5th April 2017
Scotland’s plants, animals, air, water and soils – which combine to deliver a wide range of benefits to people – are showing signs of recovery, according to the updated Natural Capital Asset Index released this week.
The Natural Capital Asset Index, published by Scottish Natural Heritage (SNH) a member & supporter of the Scottish Forum on Natural Capital, states that after decades of decline until the 1990s, these ‘natural capital stocks’ have stabilised or improved slightly.
Natural capital forms a vital part of our economy. Among other things it helps to provide us with food; plant materials; water; natural flood defences, and crop pollination by insects. The Scottish Government's Programme for Government 2016-17 states "Scotland's natural environment is worth more than £20 billion per annum and it supports more than 60,000 jobs"
Evidence suggests that within lochs, rivers, woodland and coastal habitats, natural capital stocks increased between 2000 and 2015. For example, there have been improvements in the quality of coastal bathing water and the ecological status of our lochs and rivers. For bogs, heathland and agricultural habitats, stocks have declined.
The Natural Capital Asset Index is a composite index, based (i.e. equal to 100) in the year 2000. Although the Index indicates that natural capital has been relatively stable in the period up to 2015 it does not provide an understanding of what the ideal level is, to achieve the greatest benefits for nature and society, for Scotland's natural capital.
The Scottish Government’s update of the National Performance Framework (NPF), published in March 2016, saw “Increase natural capital” included as one of five new National Indicators.
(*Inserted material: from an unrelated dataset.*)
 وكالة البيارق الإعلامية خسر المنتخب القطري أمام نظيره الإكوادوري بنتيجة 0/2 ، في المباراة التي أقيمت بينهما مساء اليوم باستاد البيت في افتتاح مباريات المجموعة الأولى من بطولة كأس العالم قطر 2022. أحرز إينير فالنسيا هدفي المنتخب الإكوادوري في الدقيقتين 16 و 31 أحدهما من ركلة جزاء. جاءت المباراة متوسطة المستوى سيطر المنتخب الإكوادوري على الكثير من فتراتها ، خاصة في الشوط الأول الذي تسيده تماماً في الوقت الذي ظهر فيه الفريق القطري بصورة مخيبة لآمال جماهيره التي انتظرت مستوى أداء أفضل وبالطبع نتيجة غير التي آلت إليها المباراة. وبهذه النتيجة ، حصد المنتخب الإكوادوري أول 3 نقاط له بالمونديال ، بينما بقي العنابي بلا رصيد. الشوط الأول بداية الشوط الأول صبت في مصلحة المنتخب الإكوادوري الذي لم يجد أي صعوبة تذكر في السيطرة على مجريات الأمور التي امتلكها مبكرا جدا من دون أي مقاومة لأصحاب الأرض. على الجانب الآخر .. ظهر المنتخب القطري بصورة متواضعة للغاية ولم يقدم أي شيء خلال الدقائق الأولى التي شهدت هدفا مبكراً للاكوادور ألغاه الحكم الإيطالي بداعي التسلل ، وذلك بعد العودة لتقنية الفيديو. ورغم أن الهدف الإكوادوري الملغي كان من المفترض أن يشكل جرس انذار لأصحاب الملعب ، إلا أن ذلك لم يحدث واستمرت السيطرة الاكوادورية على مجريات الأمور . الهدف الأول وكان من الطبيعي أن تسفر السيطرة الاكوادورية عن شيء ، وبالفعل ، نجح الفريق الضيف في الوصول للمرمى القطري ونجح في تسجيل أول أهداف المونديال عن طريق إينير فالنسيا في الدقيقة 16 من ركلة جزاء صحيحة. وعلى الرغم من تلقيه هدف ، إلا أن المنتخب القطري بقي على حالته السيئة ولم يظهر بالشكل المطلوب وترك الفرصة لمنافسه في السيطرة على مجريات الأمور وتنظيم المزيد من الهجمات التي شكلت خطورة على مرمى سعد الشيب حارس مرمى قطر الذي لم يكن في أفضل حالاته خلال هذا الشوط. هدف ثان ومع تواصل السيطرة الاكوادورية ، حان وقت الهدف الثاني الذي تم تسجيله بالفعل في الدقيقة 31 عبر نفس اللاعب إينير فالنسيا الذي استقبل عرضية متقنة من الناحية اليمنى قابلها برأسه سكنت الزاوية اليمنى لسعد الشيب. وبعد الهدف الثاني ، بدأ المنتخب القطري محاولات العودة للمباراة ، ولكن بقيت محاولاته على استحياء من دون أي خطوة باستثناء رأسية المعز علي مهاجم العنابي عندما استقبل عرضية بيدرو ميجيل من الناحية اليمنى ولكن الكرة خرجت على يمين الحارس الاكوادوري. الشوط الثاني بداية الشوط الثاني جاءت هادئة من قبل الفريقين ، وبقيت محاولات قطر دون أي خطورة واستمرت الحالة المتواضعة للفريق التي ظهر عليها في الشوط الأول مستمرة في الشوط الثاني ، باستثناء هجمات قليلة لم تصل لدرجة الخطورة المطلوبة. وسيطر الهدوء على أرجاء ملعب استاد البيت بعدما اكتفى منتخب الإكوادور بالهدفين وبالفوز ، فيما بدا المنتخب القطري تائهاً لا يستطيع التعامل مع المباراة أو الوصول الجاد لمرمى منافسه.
The Index was chosen as the National Indicator to monitor changes in natural capital.
Chair of the Scottish Forum on Natural Capital, Jonny Hughes, welcomed the refreshed Index, saying: “Our research with The Institute of Chartered Accountants of Scotland and The Institute of Directors Scotland shows that more than 75% of businesses recognise the huge importance of Scotland’s natural capital to their operations, and there is clear recognition of the urgent need for action.
“There are some promising signs in the Index that we are turning a corner on caring for Scotland’s environment. But there is a long way to go before we can begin to reap the economic, social and environmental benefits we will get from healthier stocks of natural capital.”
Mr Hughes, commenting on the future potential for the Index, stated: “In order for the Index to provide a full picture of the nation’s natural capital we look forward to seeing its continued development to include Scotland’s marine environment.”
Cabinet Secretary for Environment, Climate Change and Land Reform, Roseanna Cunningham said: “Scotland's Economic Strategy recognises the influence of natural capital on financial, social, manufactured and human capital. Natural capital is important as it includes environmental resources like plants, animals, air, water, soils which can benefit people and businesses across Scotland.
“Scotland became the first country in the world to publish a detailed report which monitors annual changes in its natural capital and it is encouraging to see our stocks have improved since the index first launched in 2011.”
Rural Resources Manager at SNH, Claudia Rowse, said, “The Natural Capital Asset Index is a work in progress. Although trends in recent years are encouraging, we want to see recovery continue for the next few years to give us confidence that our nature and landscapes – which make Scotland a better place to live, work and visit – are being protected and enhanced for future generations.”